In this paragraph – What a bummer! A study by the British Medical Journal reveals that although the Wii game console offers more activity than passive videogames, it is no replacement for real exercise – what does "What a bummer" mean?

My comments:

What a disappointment! How sad!

A bummer, as in "that's a bummer", means a frustrating experience, something disappointing happening, especially when you have not expected it coming.

Here's a real bummer – Yao Ming will not play another game for the rest of the season because of a stress fracture in his left foot.

At any rate, that's a major bummer for me, a Yao fan. I was on my way to have dinner with a few friends on Wednesday when one of them asked me to pick a restaurant. "Any will do," I blurted. "Yao Ming's injured again and I don't have an appetite."

One friend, who plays basketball also, murmured: "I understand." His wife, though, was less sympathetic. "Ah well," she said, "just another fanatic!" Apparently, she thought it was a poor joke – how could Yao's injury, or healthy, affect our dinner?

It was no joke to me. I ate that dinner without relish. You see, the Rockets have just won 13 games in a row – the longest winning streak by any team in the NBA right now and the Rockets' longest winning streak since their championship years in the mid-1990s.

Then this!

Not that I mind that much about the Rockets winning a championship this year, although nobody would be more deserving than Yao if they did. You see, Yao is tall but never lets his height stop him from becoming better. The guy works hard and cares about his team. The Houston Chronicle calls him "a role model in every sense of the word". Upon hearing the injury, Tracy McGrady, the other superstar on the team, wrote Yao a poem titled Broken Wall...
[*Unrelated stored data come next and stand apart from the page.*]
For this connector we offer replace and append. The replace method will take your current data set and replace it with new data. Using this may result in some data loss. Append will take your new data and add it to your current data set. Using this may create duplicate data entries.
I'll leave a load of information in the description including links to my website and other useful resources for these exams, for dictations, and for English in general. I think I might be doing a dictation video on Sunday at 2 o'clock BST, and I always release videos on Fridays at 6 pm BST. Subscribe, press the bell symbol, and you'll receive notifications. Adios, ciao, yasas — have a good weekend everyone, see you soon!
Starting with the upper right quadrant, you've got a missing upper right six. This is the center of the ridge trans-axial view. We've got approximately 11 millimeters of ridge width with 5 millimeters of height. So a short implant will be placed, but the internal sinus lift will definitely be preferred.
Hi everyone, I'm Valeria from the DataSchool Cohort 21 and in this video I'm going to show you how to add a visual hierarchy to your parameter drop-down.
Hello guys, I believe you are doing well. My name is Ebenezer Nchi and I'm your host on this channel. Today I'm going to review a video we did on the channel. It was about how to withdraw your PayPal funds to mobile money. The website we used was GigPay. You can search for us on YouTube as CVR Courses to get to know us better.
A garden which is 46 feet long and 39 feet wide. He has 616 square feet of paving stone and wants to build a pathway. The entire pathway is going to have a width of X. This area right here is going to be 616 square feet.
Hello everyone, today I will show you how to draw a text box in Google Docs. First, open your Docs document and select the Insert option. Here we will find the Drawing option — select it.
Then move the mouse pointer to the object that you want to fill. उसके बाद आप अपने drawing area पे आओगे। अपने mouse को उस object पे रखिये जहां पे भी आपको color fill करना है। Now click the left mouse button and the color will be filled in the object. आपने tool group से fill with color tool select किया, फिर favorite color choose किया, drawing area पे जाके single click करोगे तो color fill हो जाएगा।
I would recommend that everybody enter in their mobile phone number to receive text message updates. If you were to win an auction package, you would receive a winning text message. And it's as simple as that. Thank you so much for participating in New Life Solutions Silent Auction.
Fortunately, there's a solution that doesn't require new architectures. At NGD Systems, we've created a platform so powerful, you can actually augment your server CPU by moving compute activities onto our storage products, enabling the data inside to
I ask you to pull a chair, Wall

Stretch and lighten

and peel away your frustration

Create a window

and walk thru to me

They tell me, Wall

that the rings have blinded you

That a red ring chokes you

while the black ring consumes your soul

They tell me, Wall

that the torch weighs heavy

upon your mighty frame

That your corners ache

not the trembling floor

All they want to demolish us, Wall

I see it, feel it

They take Great pleasure in

cracking our foundation

But one nail can.t break us, Wall

One chip can.t stop 'chips

We will build you again, Wall

Stronger

But until then I shall hold you

Us

Yes, yes

stress THIS

We will rise again, Wall

Oh, indeed, what a bummer, for me, other Yao fans, his teammates, Rockets fans, the Rockets organization and ultimately Yao himself even though Yao has been putting himself last here, which only makes his injury more difficult to take. Upon hearing the injury, which came totally out of the blue for everyone, the first thing that came to Yao's mind was his teammates and his country – he doesn't want to miss the Olympics.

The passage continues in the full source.